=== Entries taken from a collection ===
****************************************
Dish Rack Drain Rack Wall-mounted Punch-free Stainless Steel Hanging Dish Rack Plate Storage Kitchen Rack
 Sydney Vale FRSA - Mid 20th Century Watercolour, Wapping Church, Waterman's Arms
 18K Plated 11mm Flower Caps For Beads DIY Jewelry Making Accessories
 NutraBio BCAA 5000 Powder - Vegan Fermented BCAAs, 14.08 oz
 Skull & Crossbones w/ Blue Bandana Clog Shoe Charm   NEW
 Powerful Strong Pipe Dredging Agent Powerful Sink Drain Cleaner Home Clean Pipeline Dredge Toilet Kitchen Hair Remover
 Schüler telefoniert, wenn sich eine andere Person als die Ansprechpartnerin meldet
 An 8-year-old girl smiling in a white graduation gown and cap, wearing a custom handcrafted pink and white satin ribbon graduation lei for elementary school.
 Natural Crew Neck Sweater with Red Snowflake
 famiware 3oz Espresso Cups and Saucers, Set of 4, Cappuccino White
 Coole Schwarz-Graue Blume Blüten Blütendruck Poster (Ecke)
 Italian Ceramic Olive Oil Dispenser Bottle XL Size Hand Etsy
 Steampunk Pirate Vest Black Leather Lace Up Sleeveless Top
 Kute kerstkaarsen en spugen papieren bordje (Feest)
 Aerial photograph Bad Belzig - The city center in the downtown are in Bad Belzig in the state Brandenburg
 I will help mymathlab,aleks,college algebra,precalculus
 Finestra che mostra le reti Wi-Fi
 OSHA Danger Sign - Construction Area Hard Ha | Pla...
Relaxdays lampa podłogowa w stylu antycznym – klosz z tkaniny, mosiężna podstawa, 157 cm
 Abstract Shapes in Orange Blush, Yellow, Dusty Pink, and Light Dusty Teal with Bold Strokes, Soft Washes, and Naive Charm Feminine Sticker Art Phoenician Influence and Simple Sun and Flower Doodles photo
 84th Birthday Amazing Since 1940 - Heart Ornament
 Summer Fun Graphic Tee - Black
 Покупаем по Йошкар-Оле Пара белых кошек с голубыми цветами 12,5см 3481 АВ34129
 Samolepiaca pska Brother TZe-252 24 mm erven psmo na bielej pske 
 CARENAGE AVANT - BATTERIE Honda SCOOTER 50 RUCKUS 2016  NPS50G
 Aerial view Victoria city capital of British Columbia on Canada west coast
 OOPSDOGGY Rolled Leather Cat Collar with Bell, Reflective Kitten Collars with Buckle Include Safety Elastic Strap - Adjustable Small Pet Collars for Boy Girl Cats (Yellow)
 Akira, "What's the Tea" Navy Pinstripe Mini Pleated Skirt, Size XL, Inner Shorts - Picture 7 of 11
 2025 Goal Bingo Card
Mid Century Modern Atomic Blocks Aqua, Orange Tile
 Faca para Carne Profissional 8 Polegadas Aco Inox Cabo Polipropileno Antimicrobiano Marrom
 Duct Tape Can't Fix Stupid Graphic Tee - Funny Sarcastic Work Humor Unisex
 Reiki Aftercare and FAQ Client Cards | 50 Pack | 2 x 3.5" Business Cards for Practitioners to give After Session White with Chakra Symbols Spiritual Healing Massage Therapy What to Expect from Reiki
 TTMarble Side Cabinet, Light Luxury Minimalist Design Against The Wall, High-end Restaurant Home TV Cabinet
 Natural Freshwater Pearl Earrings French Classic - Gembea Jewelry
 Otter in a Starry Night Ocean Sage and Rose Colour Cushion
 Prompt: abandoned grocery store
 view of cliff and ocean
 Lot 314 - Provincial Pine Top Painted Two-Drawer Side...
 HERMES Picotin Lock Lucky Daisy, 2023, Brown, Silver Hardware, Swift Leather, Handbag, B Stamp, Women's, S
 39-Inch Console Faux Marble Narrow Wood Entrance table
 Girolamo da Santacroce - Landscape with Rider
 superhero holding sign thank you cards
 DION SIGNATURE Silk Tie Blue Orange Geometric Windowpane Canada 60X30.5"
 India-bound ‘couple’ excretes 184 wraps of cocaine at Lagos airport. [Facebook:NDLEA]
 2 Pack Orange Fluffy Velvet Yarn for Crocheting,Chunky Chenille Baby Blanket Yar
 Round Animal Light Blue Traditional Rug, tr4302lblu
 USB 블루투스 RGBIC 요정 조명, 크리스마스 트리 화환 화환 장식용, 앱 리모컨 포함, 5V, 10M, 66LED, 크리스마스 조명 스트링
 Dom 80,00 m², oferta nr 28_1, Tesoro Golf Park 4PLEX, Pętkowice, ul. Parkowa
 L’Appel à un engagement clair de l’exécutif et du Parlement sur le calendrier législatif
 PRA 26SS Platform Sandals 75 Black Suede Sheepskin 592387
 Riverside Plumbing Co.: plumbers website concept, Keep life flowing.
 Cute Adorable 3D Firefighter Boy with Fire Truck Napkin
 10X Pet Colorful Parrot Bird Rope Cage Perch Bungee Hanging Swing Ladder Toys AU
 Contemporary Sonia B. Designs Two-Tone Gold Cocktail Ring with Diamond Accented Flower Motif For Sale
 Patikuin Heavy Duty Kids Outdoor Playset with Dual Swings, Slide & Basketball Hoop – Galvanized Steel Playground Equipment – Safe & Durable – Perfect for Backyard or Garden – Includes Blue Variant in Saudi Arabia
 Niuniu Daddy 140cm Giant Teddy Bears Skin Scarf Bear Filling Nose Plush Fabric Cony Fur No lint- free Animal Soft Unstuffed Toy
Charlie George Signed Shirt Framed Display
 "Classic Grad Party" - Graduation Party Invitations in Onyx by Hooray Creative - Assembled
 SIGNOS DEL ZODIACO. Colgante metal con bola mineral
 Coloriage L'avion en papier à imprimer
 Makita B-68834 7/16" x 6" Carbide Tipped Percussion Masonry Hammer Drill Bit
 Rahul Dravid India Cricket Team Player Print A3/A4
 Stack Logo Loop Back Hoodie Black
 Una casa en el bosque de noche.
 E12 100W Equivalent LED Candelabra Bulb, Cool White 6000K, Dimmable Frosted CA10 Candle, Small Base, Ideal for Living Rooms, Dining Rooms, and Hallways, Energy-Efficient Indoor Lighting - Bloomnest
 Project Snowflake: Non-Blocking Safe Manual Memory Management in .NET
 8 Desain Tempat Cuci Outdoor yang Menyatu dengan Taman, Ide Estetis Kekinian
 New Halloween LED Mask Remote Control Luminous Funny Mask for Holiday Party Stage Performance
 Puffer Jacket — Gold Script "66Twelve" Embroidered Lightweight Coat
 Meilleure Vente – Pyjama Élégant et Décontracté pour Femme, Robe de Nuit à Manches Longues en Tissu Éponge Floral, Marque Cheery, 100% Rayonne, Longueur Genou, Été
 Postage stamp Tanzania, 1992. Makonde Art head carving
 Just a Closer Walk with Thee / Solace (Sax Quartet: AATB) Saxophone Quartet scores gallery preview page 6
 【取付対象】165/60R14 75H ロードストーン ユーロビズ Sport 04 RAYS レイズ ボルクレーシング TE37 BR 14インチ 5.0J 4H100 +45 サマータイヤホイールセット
****************************************
=== Your task ===
Write out every record shown above, word for word.

=== Output of the exercise ===
Dish Rack Drain Rack Wall-mounted Punch-free Stainless Steel Hanging Dish Rack Plate Storage Kitchen Rack
 Sydney Vale FRSA - Mid 20th Century Watercolour, Wapping Church, Waterman's Arms
 18K Plated 11mm Flower Caps For Beads DIY Jewelry Making Accessories
 NutraBio BCAA 5000 Powder - Vegan Fermented BCAAs, 14.08 oz
 Skull & Crossbones w/ Blue Bandana Clog Shoe Charm   NEW
 Powerful Strong Pipe Dredging Agent Powerful Sink Drain Cleaner Home Clean Pipeline Dredge Toilet Kitchen Hair Remover
 Schüler telefoniert, wenn sich eine andere Person als die Ansprechpartnerin meldet
 An 8-year-old girl smiling in a white graduation gown and cap, wearing a custom handcrafted pink and white satin ribbon graduation lei for elementary school.
 Natural Crew Neck Sweater with Red Snowflake
 famiware 3oz Espresso Cups and Saucers, Set of 4, Cappuccino White
 Coole Schwarz-Graue Blume Blüten Blütendruck Poster (Ecke)
 Italian Ceramic Olive Oil Dispenser Bottle XL Size Hand Etsy
 Steampunk Pirate Vest Black Leather Lace Up Sleeveless Top
 Kute kerstkaarsen en spugen papieren bordje (Feest)
 Aerial photograph Bad Belzig - The city center in the downtown are in Bad Belzig in the state Brandenburg
 I will help mymathlab,aleks,college algebra,precalculus
 Finestra che mostra le reti Wi-Fi
 OSHA Danger Sign - Construction Area Hard Ha | Pla...
Relaxdays lampa podłogowa w stylu antycznym – klosz z tkaniny, mosiężna podstawa, 157 cm
 Abstract Shapes in Orange Blush, Yellow, Dusty Pink, and Light Dusty Teal with Bold Strokes, Soft Washes, and Naive Charm Feminine Sticker Art Phoenician Influence and Simple Sun and Flower Doodles photo
 84th Birthday Amazing Since 1940 - Heart Ornament
 Summer Fun Graphic Tee - Black
 Покупаем по Йошкар-Оле Пара белых кошек с голубыми цветами 12,5см 3481 АВ34129
 Samolepiaca pska Brother TZe-252 24 mm erven psmo na bielej pske 
 CARENAGE AVANT - BATTERIE Honda SCOOTER 50 RUCKUS 2016  NPS50G
 Aerial view Victoria city capital of British Columbia on Canada west coast
 OOPSDOGGY Rolled Leather Cat Collar with Bell, Reflective Kitten Collars with Buckle Include Safety Elastic Strap - Adjustable Small Pet Collars for Boy Girl Cats (Yellow)
 Akira, "What's the Tea" Navy Pinstripe Mini Pleated Skirt, Size XL, Inner Shorts - Picture 7 of 11
 2025 Goal Bingo Card
Mid Century Modern Atomic Blocks Aqua, Orange Tile
 Faca para Carne Profissional 8 Polegadas Aco Inox Cabo Polipropileno Antimicrobiano Marrom
 Duct Tape Can't Fix Stupid Graphic Tee - Funny Sarcastic Work Humor Unisex
 Reiki Aftercare and FAQ Client Cards | 50 Pack | 2 x 3.5" Business Cards for Practitioners to give After Session White with Chakra Symbols Spiritual Healing Massage Therapy What to Expect from Reiki
 TTMarble Side Cabinet, Light Luxury Minimalist Design Against The Wall, High-end Restaurant Home TV Cabinet
 Natural Freshwater Pearl Earrings French Classic - Gembea Jewelry
 Otter in a Starry Night Ocean Sage and Rose Colour Cushion
 Prompt: abandoned grocery store
 view of cliff and ocean
 Lot 314 - Provincial Pine Top Painted Two-Drawer Side...
 HERMES Picotin Lock Lucky Daisy, 2023, Brown, Silver Hardware, Swift Leather, Handbag, B Stamp, Women's, S
 39-Inch Console Faux Marble Narrow Wood Entrance table
 Girolamo da Santacroce - Landscape with Rider
 superhero holding sign thank you cards
 DION SIGNATURE Silk Tie Blue Orange Geometric Windowpane Canada 60X30.5"
 India-bound ‘couple’ excretes 184 wraps of cocaine at Lagos airport. [Facebook:NDLEA]
 2 Pack Orange Fluffy Velvet Yarn for Crocheting,Chunky Chenille Baby Blanket Yar
 Round Animal Light Blue Traditional Rug, tr4302lblu
 USB 블루투스 RGBIC 요정 조명, 크리스마스 트리 화환 화환 장식용, 앱 리모컨 포함, 5V, 10M, 66LED, 크리스마스 조명 스트링
 Dom 80,00 m², oferta nr 28_1, Tesoro Golf Park 4PLEX, Pętkowice, ul. Parkowa
 L’Appel à un engagement clair de l’exécutif et du Parlement sur le calendrier législatif
 PRA 26SS Platform Sandals 75 Black Suede Sheepskin 592387
 Riverside Plumbing Co.: plumbers website concept, Keep life flowing.
 Cute Adorable 3D Firefighter Boy with Fire Truck Napkin
 10X Pet Colorful Parrot Bird Rope Cage Perch Bungee Hanging Swing Ladder Toys AU
 Contemporary Sonia B. Designs Two-Tone Gold Cocktail Ring with Diamond Accented Flower Motif For Sale
 Patikuin Heavy Duty Kids Outdoor Playset with Dual Swings, Slide & Basketball Hoop – Galvanized Steel Playground Equipment – Safe & Durable – Perfect for Backyard or Garden – Includes Blue Variant in Saudi Arabia
 Niuniu Daddy 140cm Giant Teddy Bears Skin Scarf Bear Filling Nose Plush Fabric Cony Fur No lint- free Animal Soft Unstuffed Toy
Charlie George Signed Shirt Framed Display
 "Classic Grad Party" - Graduation Party Invitations in Onyx by Hooray Creative - Assembled
 SIGNOS DEL ZODIACO. Colgante metal con bola mineral
 Coloriage L'avion en papier à imprimer
 Makita B-68834 7/16" x 6" Carbide Tipped Percussion Masonry Hammer Drill Bit
 Rahul Dravid India Cricket Team Player Print A3/A4
 Stack Logo Loop Back Hoodie Black
 Una casa en el bosque de noche.
 E12 100W Equivalent LED Candelabra Bulb, Cool White 6000K, Dimmable Frosted CA10 Candle, Small Base, Ideal for Living Rooms, Dining Rooms, and Hallways, Energy-Efficient Indoor Lighting - Bloomnest
 Project Snowflake: Non-Blocking Safe Manual Memory Management in .NET
 8 Desain Tempat Cuci Outdoor yang Menyatu dengan Taman, Ide Estetis Kekinian
 New Halloween LED Mask Remote Control Luminous Funny Mask for Holiday Party Stage Performance
 Puffer Jacket — Gold Script "66Twelve" Embroidered Lightweight Coat
 Meilleure Vente – Pyjama Élégant et Décontracté pour Femme, Robe de Nuit à Manches Longues en Tissu Éponge Floral, Marque Cheery, 100% Rayonne, Longueur Genou, Été
 Postage stamp Tanzania, 1992. Makonde Art head carving
 Just a Closer Walk with Thee / Solace (Sax Quartet: AATB) Saxophone Quartet scores gallery preview page 6
 【取付対象】165/60R14 75H ロードストーン ユーロビズ Sport 04 RAYS レイズ ボルクレーシング TE37 BR 14インチ 5.0J 4H100 +45 サマータイヤホイールセット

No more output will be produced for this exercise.